### Requirement
Make an exact copy of the lines from the one containing "материал музыки это звуки микротемы" through the end of the records below, and leave out every picture.

### Records for this task

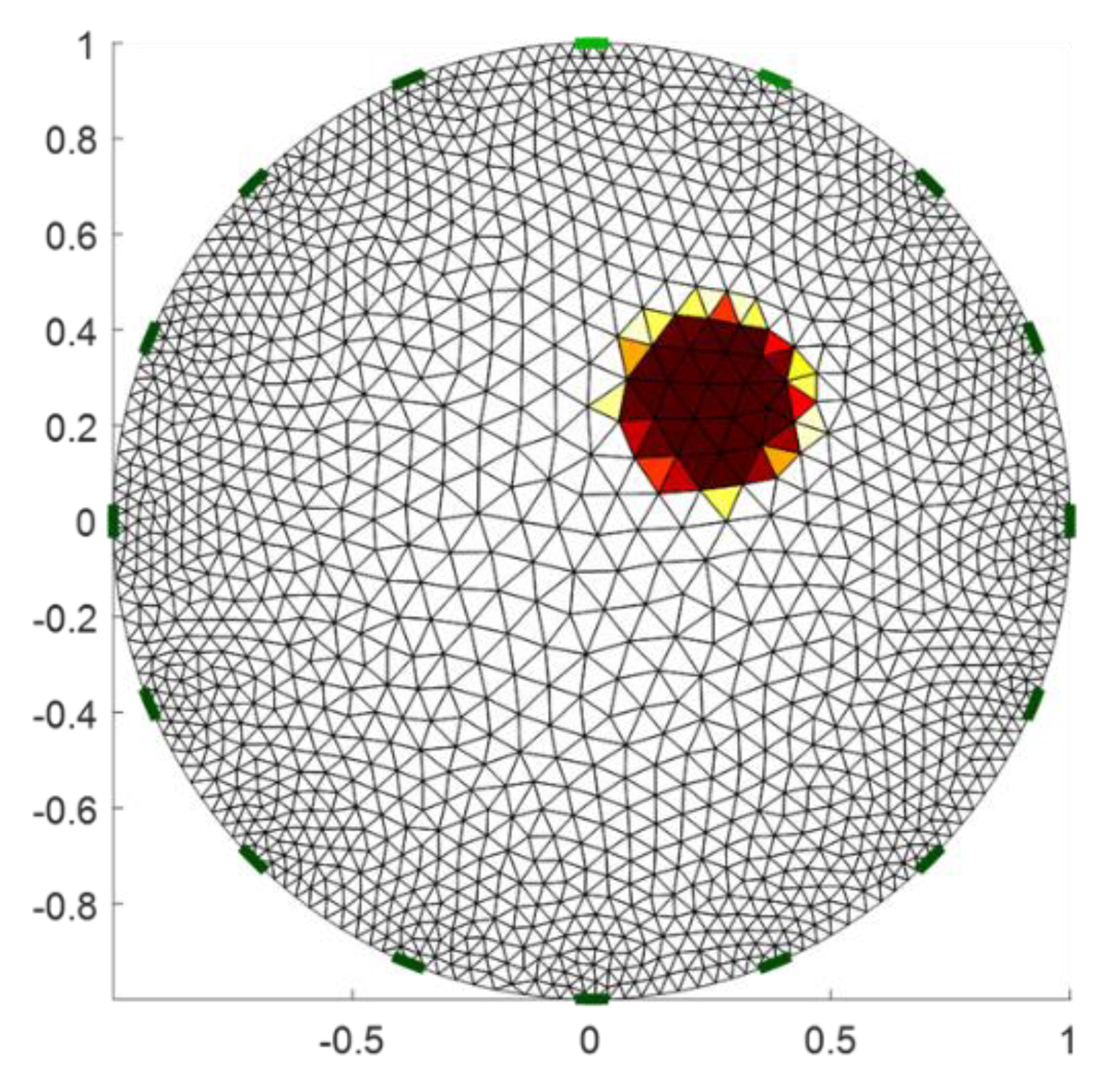 Sensors 22 09575 g002 Sensors 22 09575 g002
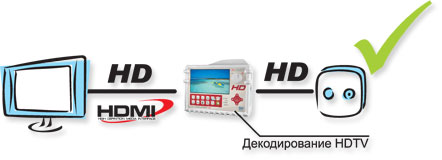 Подключение HDMI™-кабель в поле сила метр модель TV EXPLORER HD сертифицировать заболеваемость обусловлена ТВ приемника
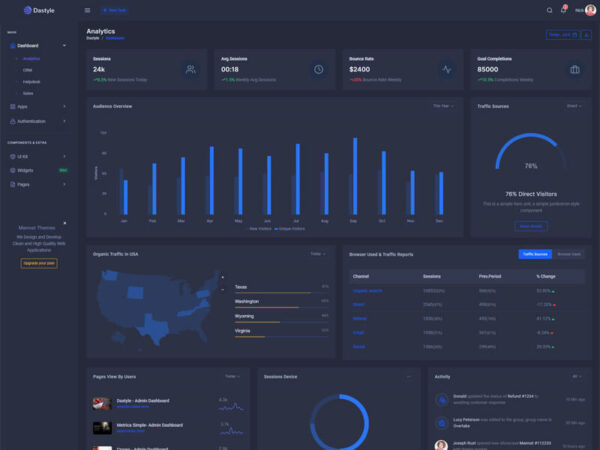 Dastyle - Admin & Dashboard Template - Image 3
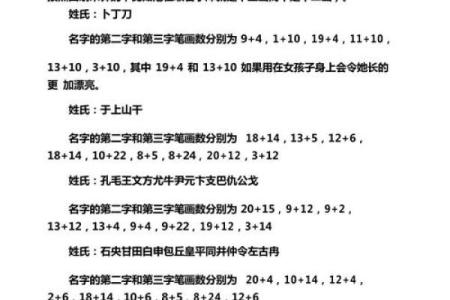 姓名笔划配对表格图片 姓名笔画配？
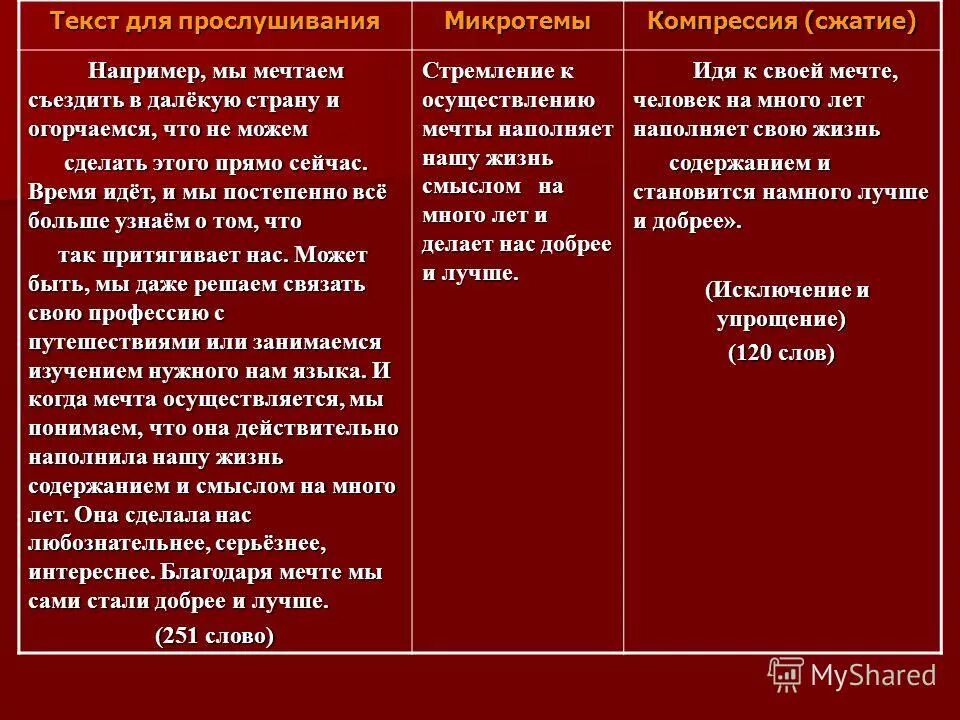 материал музыки это звуки микротемы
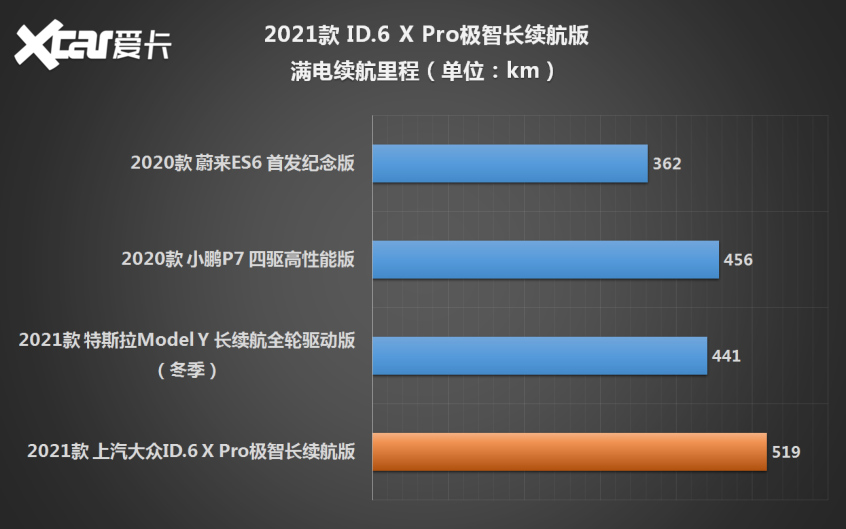 ID.6 X续航测试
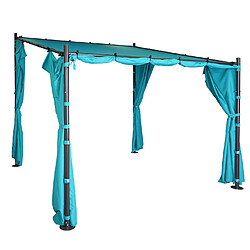 Acheter Mendler Jeu de 4 parois latérales pour pergola HWC-A22, parois latérales de remplacement 3x3m polyester ~ turquoise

### Exercise result
 материал музыки это звуки микротемы
 ID.6 X续航测试
 Acheter Mendler Jeu de 4 parois latérales pour pergola HWC-A22, parois latérales de remplacement 3x3m polyester ~ turquoise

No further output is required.